This overview heatmap allows us to see the the correlation between all the variables that are in the dataset. 
* Positive correlation means when one variable increases, the other will increase as well
* Negative correlation means when one variable increases, the other will decrease

**B. Pairplot**

In [None]:
#sb.pairplot(data = data_Final_multi)

## Additional Information

Note: In order to perform following, please make sure you have updated your seaborn to version 0.11.0
You can run the command below to update your seaborn

In [None]:
pip install seaborn==0.11.0

### 1. Age vs Tenure

In [None]:
# Combine a distribution plot and a FacetGrid 
sb.displot(data_Final, x='tenure', col="age group", multiple="dodge")

In [None]:
sb.displot(data_Final, x='tenure', hue='age group', multiple='stack')

In [None]:
sb.displot(data_Final, x='tenure', hue='age group', element='poly')

In [None]:
sb.displot(data_Final, x='tenure', col="gender", multiple="dodge")

In [None]:
age_tenure=pd.DataFrame(data_Final[['age','tenure']])

To extract age and tenure from the data set

In [None]:
sb.catplot(y = 'age', data = age_tenure, kind = "count", height = 20)

From the catplot, we are able to the there are 2 distint group of user ranging from 13-30 years old and 40-70 years old.

In [None]:
age_tenure1 = age_tenure[age_tenure['age'] < 30 ]

In [None]:
f, axes = plt.subplots(1, 1, figsize=(16, 8))
sb.boxplot(x = 'age', y = 'tenure', data = age_tenure1)

In [None]:
age_tenure2 = age_tenure[age_tenure['age'].between(39, 71, inclusive=False)]

In [None]:
f, axes = plt.subplots(1, 1, figsize=(16, 8))
sb.boxplot(x = 'age', y = 'tenure', data = age_tenure2)

### 2. www_like & mobile_likes vs total likes

In [None]:
likesData = pd.DataFrame(data[['mobile_likes', 'www_likes', 'mobile_likes_received', 'www_likes_received', 'likes']])
likesData.head()

In [None]:
f, axes = plt.subplots(1, 1, figsize=(16,8))
plt.scatter(x = "mobile_likes", y = "likes", data = likesData)

In [None]:
f, axes = plt.subplots(1, 1, figsize=(16,8))
plt.scatter(x = "www_likes", y = "likes", data = likesData)


In [None]:
f, axes = plt.subplots(1, 1, figsize=(16,8))
plt.scatter(x = "www_likes", y = "likes", data = likesData)

The two scatter plot for both the mobile likes and www likes against the total likes shows us which medium has a higher usage.

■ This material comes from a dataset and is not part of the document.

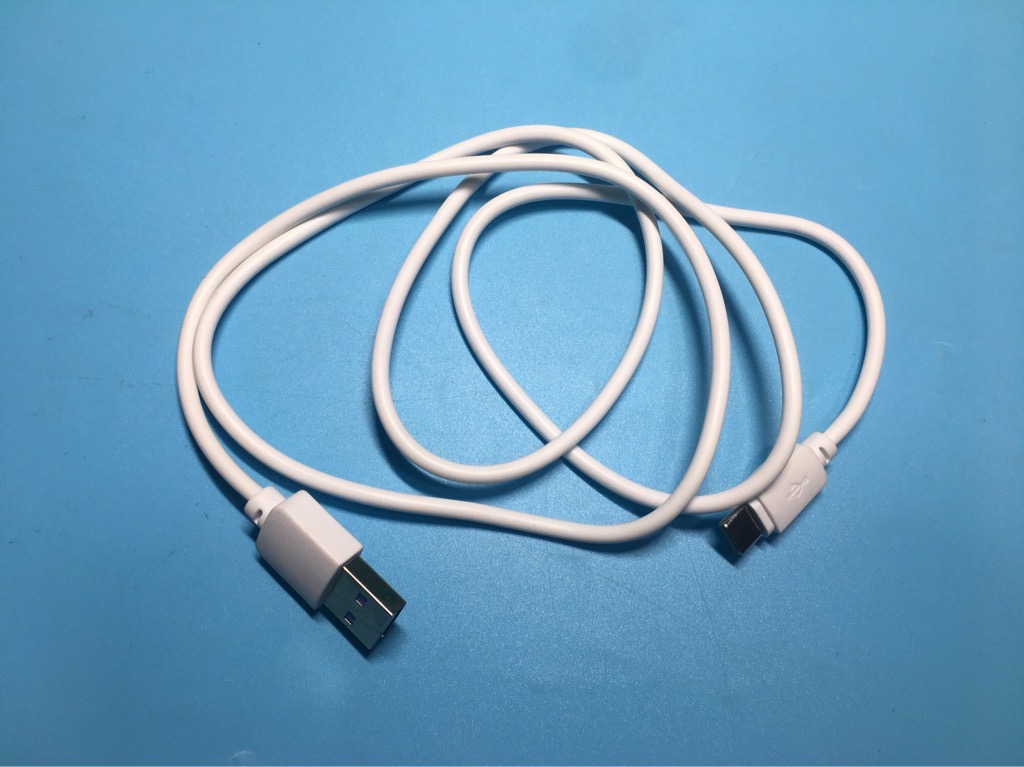 Cáp sạc dữ liệu loại USB Type-C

Mobile likes and total likes sees more of their likes within a larger region and hence, we can briefly conclude that more users interacts with the like button from their mobile.

(explanation for this is uncertain, open for discussion and changes)

### 3. Interactive Visualisation

In [None]:
import plotly.offline as py
import plotly.graph_objs as go
import plotly.express as px

In [None]:
trace = go.Histogram(x = data_Final['age group'], histnorm = 'density')
layout = go.Layout(title = 'Number of Facebook users')
data = [trace]
fig = go.Figure(data = data, layout = layout)
py.iplot(fig)

# can compare with the non-interactive plot

In [None]:
fig = px.box(data_Final,x='gender',y='likes_received')
fig.show()